Donald was a founding member of Optometry Scotland, which represents the views of the sector to the Scottish Government. The organisation has successfully lobbied on a number of key issues resulting in a world-leading contract for eye examinations in 2006 and Scottish Government funding of £1 million per year for the development of an optometry education programme through NHS Education for Scotland, where he now serves as programme director.
He was also a founding director of Optometric Educators, an organisation that focused on high quality education in the profession.
Donald retired as managing director of Cameron Optometry after a career in the profession spanning more than 35 years,
The company, currently the largest independent optometry and contact lens practice in Scotland, is now run by his son Ian. Last year it was awarded the title of UK Practice of the Year by the Association of Optometrists (AOP).
Donald, now 60, said it was a great honour to receive the AOP Lifetime Achievement Award.

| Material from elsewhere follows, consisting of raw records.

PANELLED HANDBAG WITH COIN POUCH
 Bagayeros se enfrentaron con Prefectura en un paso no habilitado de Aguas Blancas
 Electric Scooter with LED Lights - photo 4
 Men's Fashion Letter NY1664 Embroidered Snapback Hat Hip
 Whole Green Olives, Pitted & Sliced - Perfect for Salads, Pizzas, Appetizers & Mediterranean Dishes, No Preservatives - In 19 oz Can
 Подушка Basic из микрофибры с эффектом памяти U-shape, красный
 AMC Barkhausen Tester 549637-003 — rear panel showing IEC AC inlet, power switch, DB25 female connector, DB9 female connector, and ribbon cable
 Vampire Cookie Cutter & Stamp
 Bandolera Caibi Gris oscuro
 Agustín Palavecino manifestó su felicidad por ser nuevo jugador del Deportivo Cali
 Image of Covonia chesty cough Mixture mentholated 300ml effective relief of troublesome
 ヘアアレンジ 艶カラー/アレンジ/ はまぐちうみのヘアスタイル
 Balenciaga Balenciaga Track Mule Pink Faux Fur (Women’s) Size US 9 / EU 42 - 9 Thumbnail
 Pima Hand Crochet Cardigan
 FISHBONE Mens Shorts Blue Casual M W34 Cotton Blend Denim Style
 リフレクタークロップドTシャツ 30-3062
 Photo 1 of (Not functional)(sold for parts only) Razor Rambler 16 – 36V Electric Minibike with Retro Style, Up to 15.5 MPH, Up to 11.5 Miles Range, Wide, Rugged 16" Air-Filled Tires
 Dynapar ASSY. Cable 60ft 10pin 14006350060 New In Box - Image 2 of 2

He added: “I see it as recognition of not only the work I have done, but also the work of my colleagues and fellow professionals in Scotland.”
Ian Cameron said: “On a personal level, my dad has always been an inspiration and someone I have greatly admired. I’m delighted that through this award his impressive career has been acknowledged. I have learnt a huge amount from him and through the establishment of the NHS Education for Scotland programme, many others will also benefit from his work in education for years to come.”
Donald’s wife died in 2012 and he recently remarried. Between them, he and his new wife have ten grandchildren.
Outside his professional work, Donald is organist and director of music at Charlotte Baptist Chapel in Rose Street.